_Your task_:
Output the entries below exactly as written, omitting pictures.

[Input records Boundary: Start]

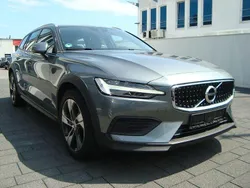 Grau Gebraucht 2020 Volvo V60 CC Kombi | 29.900 € (Guter Preis)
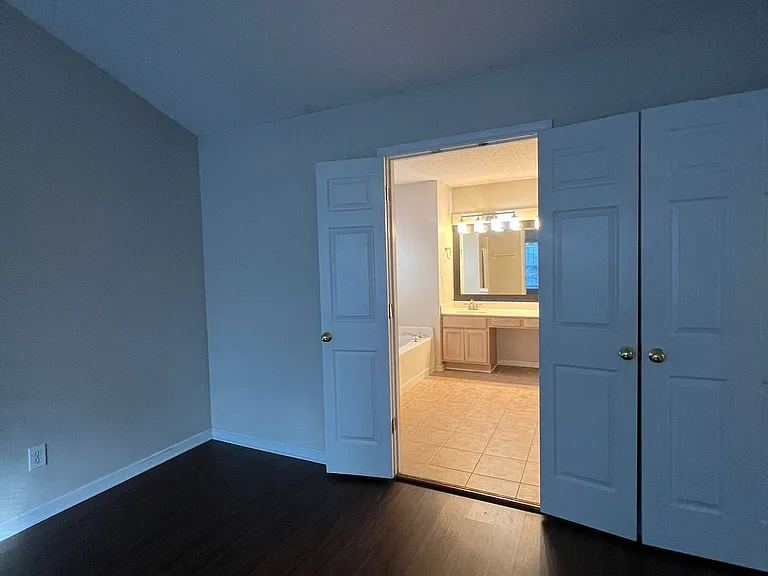 11620 Carriage Park Ln — Photo 13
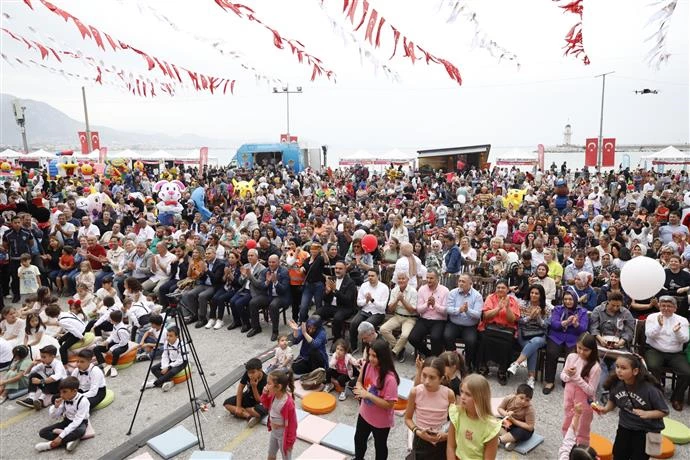 6. ALANYA ULUSLARARASI ÇOCUK FESTİVALİ BAŞLADI - BAŞKAN ÖZÇELİK: ÇOCUKLAR, MEMLEKETİMİZİN TEMİNATIDIR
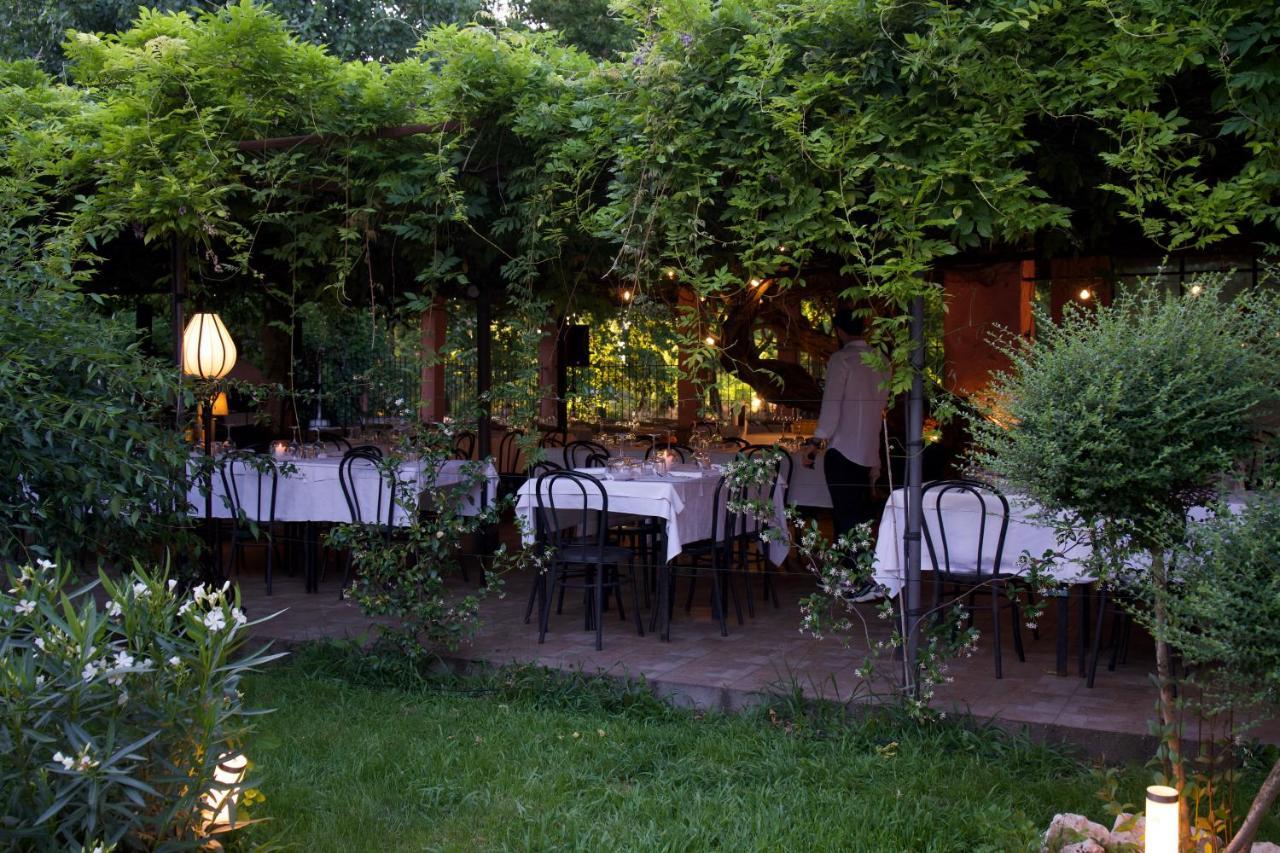 Amare Ristorante Locanda Certosa di Pavia Exterior foto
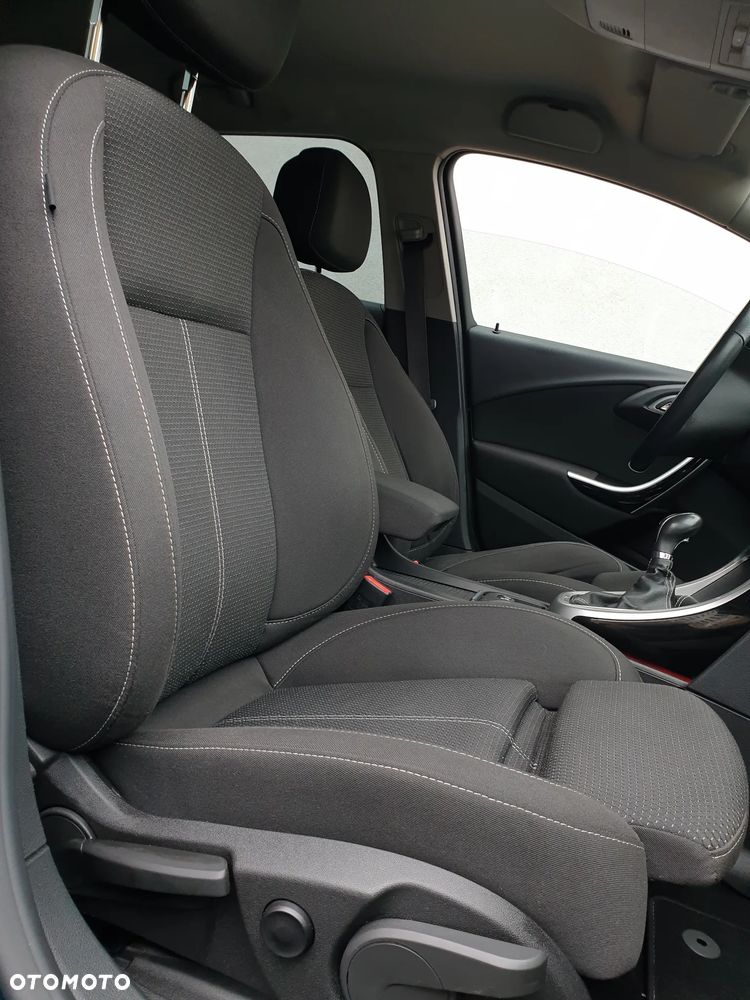 Opel Astra 1.4 Turbo Cosmo - 29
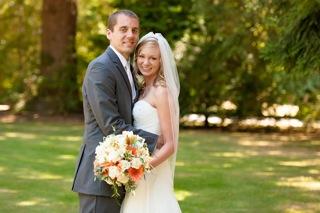 Dordt College graduates Jordan and Rachel Harmelink pose at their July 27 wedding. Photo via RNS/courtesy Jordan Harmelink
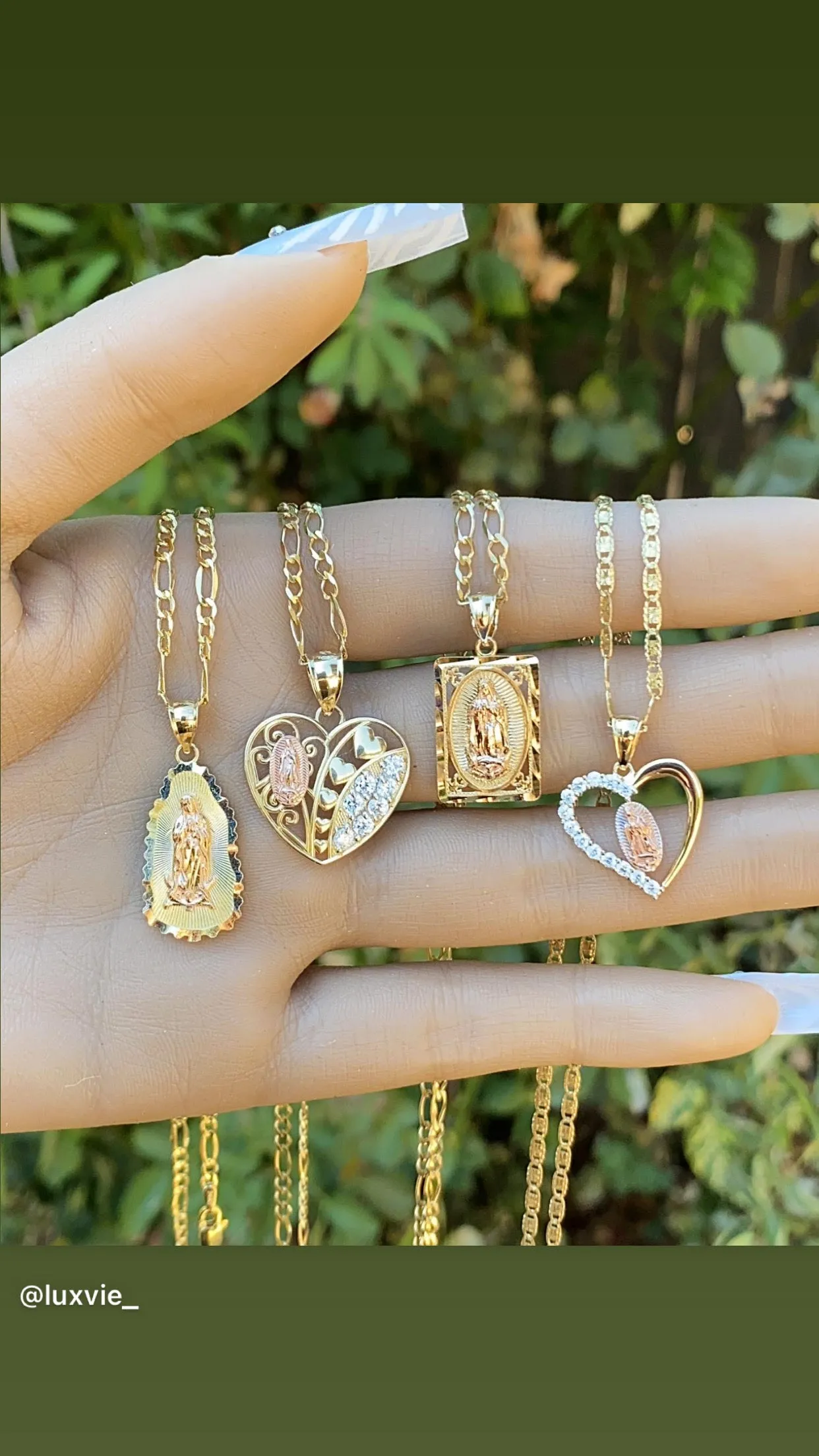 14k Gold Heart Virgencita Pendant 0387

[Input records Boundary: End]

_Reply to the task_:
 Grau Gebraucht 2020 Volvo V60 CC Kombi | 29.900 € (Guter Preis)
 11620 Carriage Park Ln — Photo 13
 6. ALANYA ULUSLARARASI ÇOCUK FESTİVALİ BAŞLADI - BAŞKAN ÖZÇELİK: ÇOCUKLAR, MEMLEKETİMİZİN TEMİNATIDIR
 Amare Ristorante Locanda Certosa di Pavia Exterior foto
 Opel Astra 1.4 Turbo Cosmo - 29
 Dordt College graduates Jordan and Rachel Harmelink pose at their July 27 wedding. Photo via RNS/courtesy Jordan Harmelink
 14k Gold Heart Virgencita Pendant 0387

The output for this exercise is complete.